**SOURCE INFORMATION:**
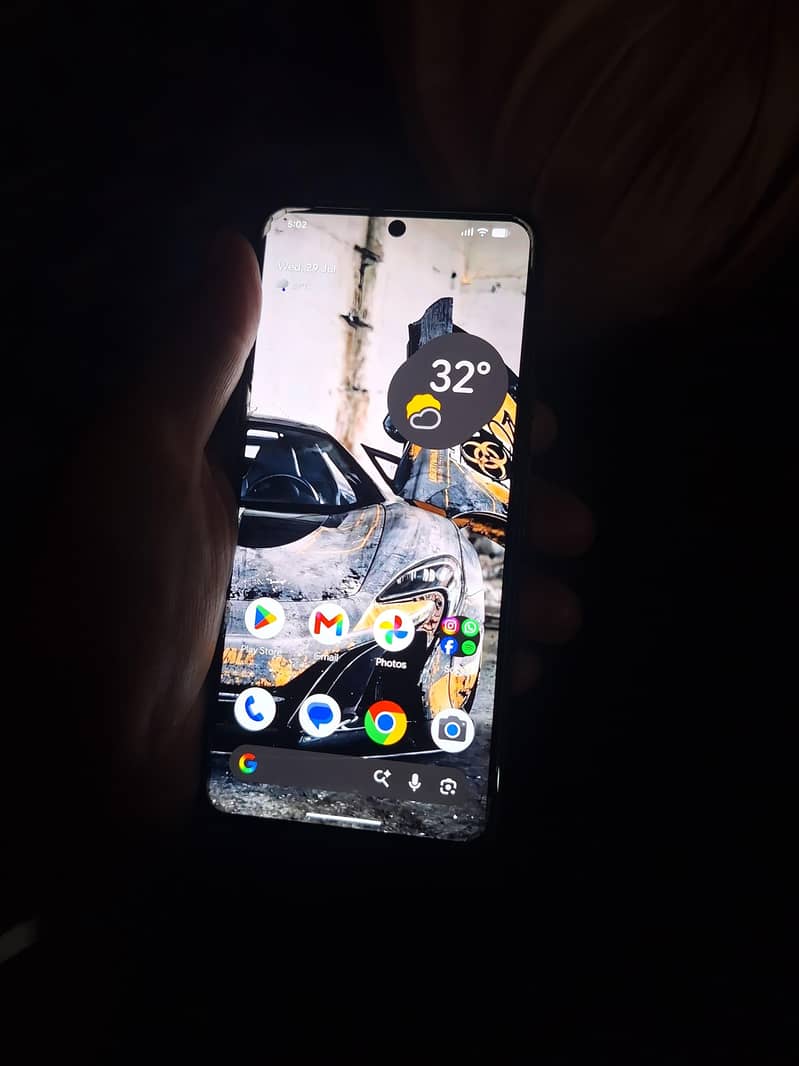 Google Pixel 8 4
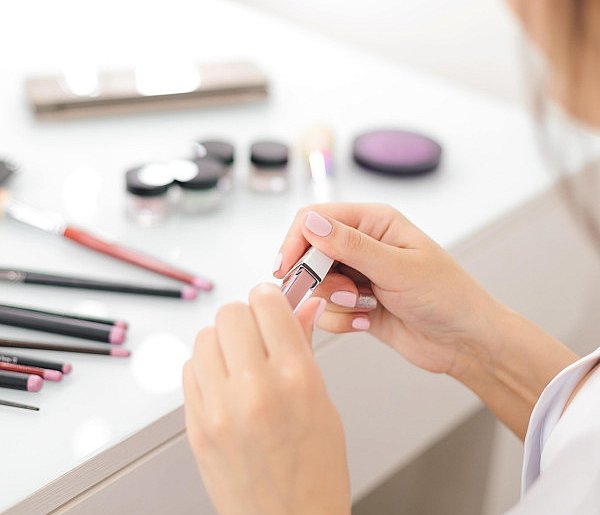 Nie używaj tych kosmetyków. GIS ostrzega przed produktami-14281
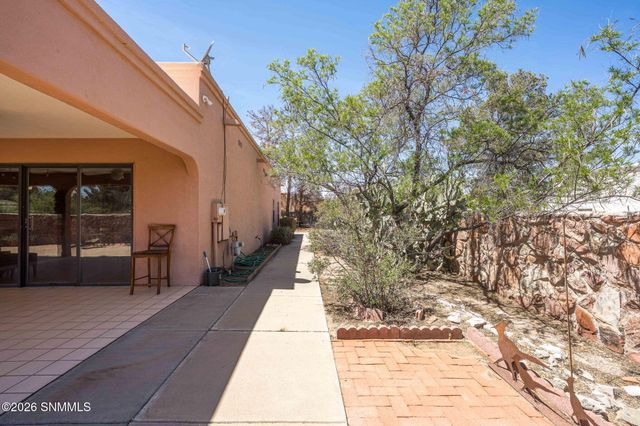 6600 Vista De Oro, Las Cruces, NM 88007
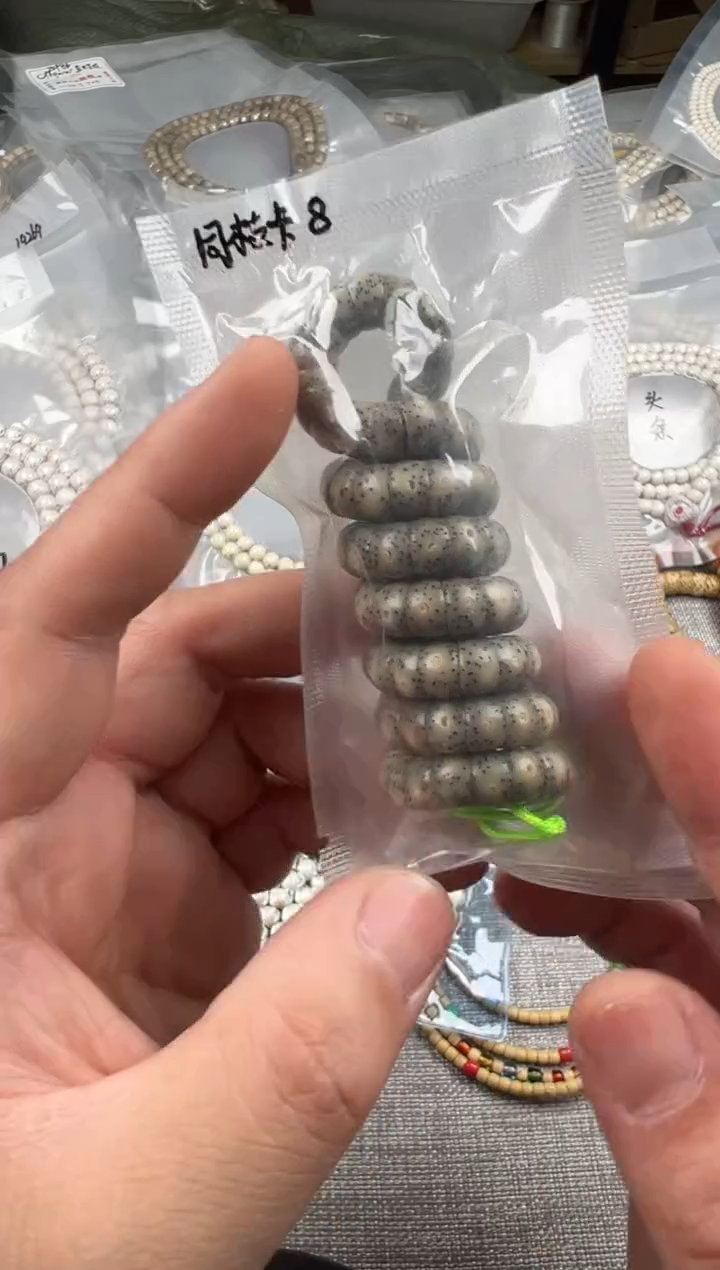 吊坠星月菩提8mm绿冰大眼睛大肠108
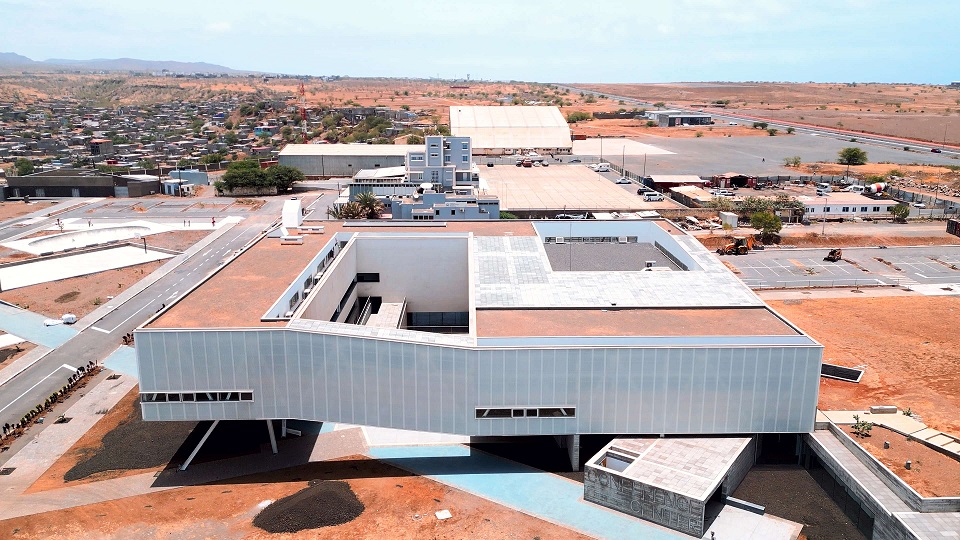 Transformação Digital em Cabo Verde: Um Caminho para a Inovação e Sustentabilidade 1 TechPark-CV-Transformacao digital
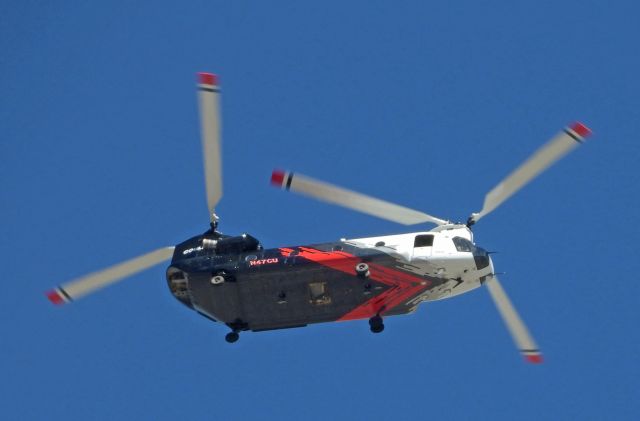 Boeing CH-47 Chinook (N47CU) - Transitioning across Carson City on the way to Fresno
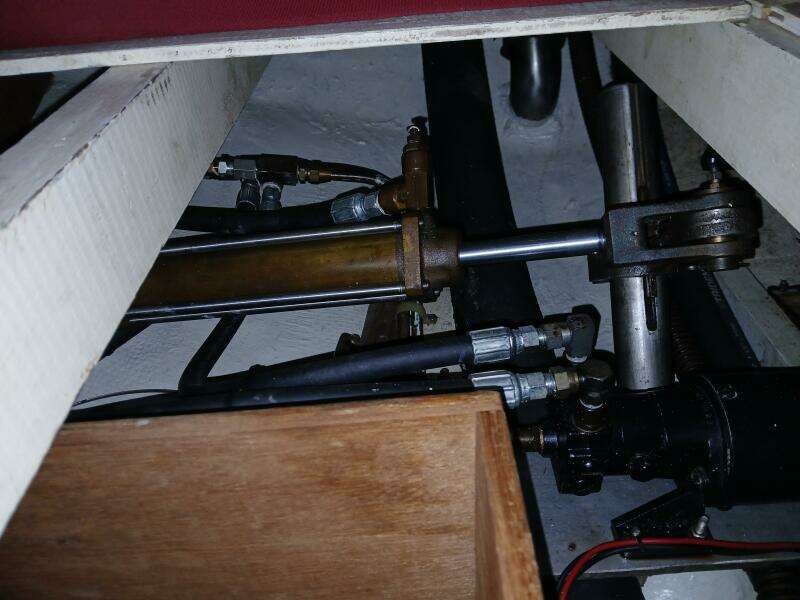 Lady Bella 45ft Hardin Yacht For Sale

**WORK INSTRUCTION:** When you reach the line that has "Nie używaj tych" in the data above, start repeating lines exactly, and stop after the line that has "Transformação Digital em"; pictures stay out.

**RESPONSE TO THIS TASK:**
 Nie używaj tych kosmetyków. GIS ostrzega przed produktami-14281
 6600 Vista De Oro, Las Cruces, NM 88007
 吊坠星月菩提8mm绿冰大眼睛大肠108
 Transformação Digital em Cabo Verde: Um Caminho para a Inovação e Sustentabilidade 1 TechPark-CV-Transformacao digital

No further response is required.